GRANT ARCHIBALD ALEXANDER LEACH dit CARY (1904-1986)
Si, dans les années 1930, le cinéma italien avait créé un univers de « téléphones blancs », Hollywood, dans ses films, avait également su concevoir un environnement sans aspérités, où les stars évoluaient avec élégance et nonchalance, tout en s'adaptant aux situations les plus trépidantes des screwball comedies. Le jeune comédien Cary Grant (de son vrai nom Archibald Leach), de nationalité anglaise, y trouva tout naturellement sa place. Il avait pour atouts supplémentaires humour et dandysme.

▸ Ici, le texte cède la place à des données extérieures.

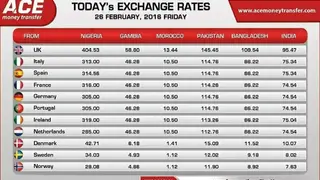 ACE Money Transfer screenshot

Originaire de Bristol, en Grande-Bretagne, Cary Grant, après avoir travaillé dans un cirque comme acrobate, arrive aux États-Unis dans les années 1920 et occupe plusieurs emplois avant d'interpréter des rôles de « jeune premier chantant » à Broadway. Remarqué par un talent scout de la Paramount il rejoint Hollywood où il devient le partenaire de deux grandes stars, Marlene Dietrich, dans Blonde Vénus de Josef von Sternberg (1932), et Mae West, dans Lady Lou de Lowell sherman (1933). Mae West décèle vite en lui des qualités différentes et l'oriente vers des rôles fantaisistes pouvant faire figure de contre-emploi pour les jeunes premiers traditionnels de l'époque.

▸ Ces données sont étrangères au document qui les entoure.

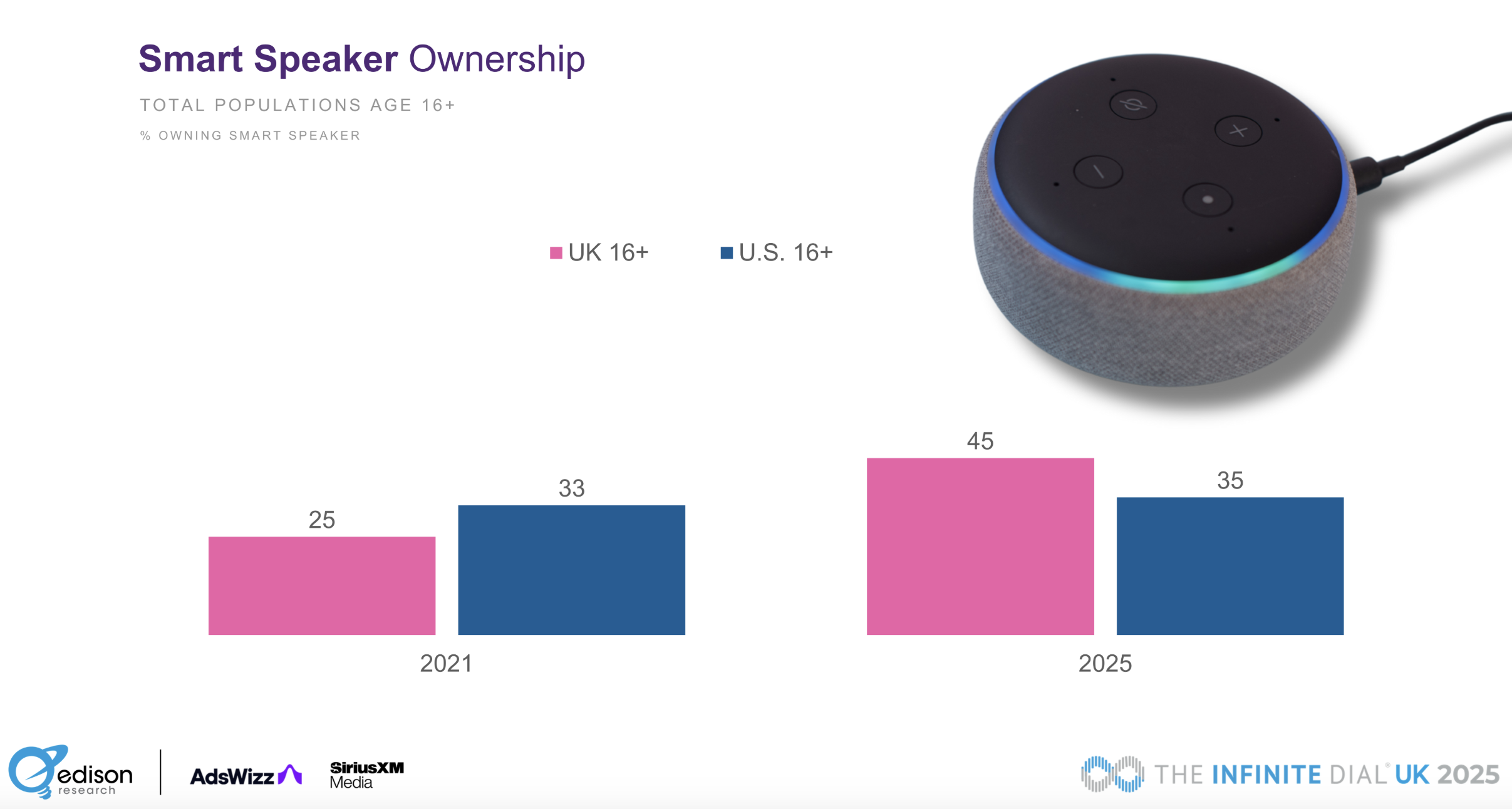 L’enceinte connectée, nouveau levier d’audience audio au Royaume-Uni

Quelques rôles établissent son image de marque : Je ne suis pas un ange (1933), son interprétation de la tortue dans l'adaptation d'Alice au pays des merveilles de Norman McLeod (1933), et surtout sa composition de charmeur « cockney » dans Sylvia Scarlett de George Cukor (1935) où, retrouvant ses origines anglaises, il essaie de composer un personnage voisin de ceux de Jack Buchanan et Noel Coward, monstres sacrés de la scène londonienne. C'est aux côtés de partenaires féminines comme Irene Dunne, Katharine Hepburn ou Constance Bennett qu'il définit le mieux son style fait de désinvolture, de cynisme, voire de muflerie. Dans ces brillantes comédies que sont Le Couple invisible de N. Mcleod (1936), Cette Sacrée Vérité de Leo Mac Carey (1937), L'Impossible Monsieur Bébé de Howard Hawks (1938), il n'hésite pas à jouer les ahuris, les savants farfelus – rôles qu'on aurait pu croire réservés à des acteurs de composition. Engendrant d'insurmontables catastrophes, sommé de choisir entre deux épouses, manipulé par l'imagination perverse des scénaristes, il sort toujours indemne de ces situations périlleuses. Cary Grant touchera quand même à d'autres genres cinématographiques, comme le film d'aventures, avec Gunga Din (1939), ou Seuls les anges ont des ailes (1939). Il saura également adopter avec aisance les règles et conventions des mélodrames les plus « larmoyants », tel La Chanson du passé qui fut un grand succès de box-office en 1941.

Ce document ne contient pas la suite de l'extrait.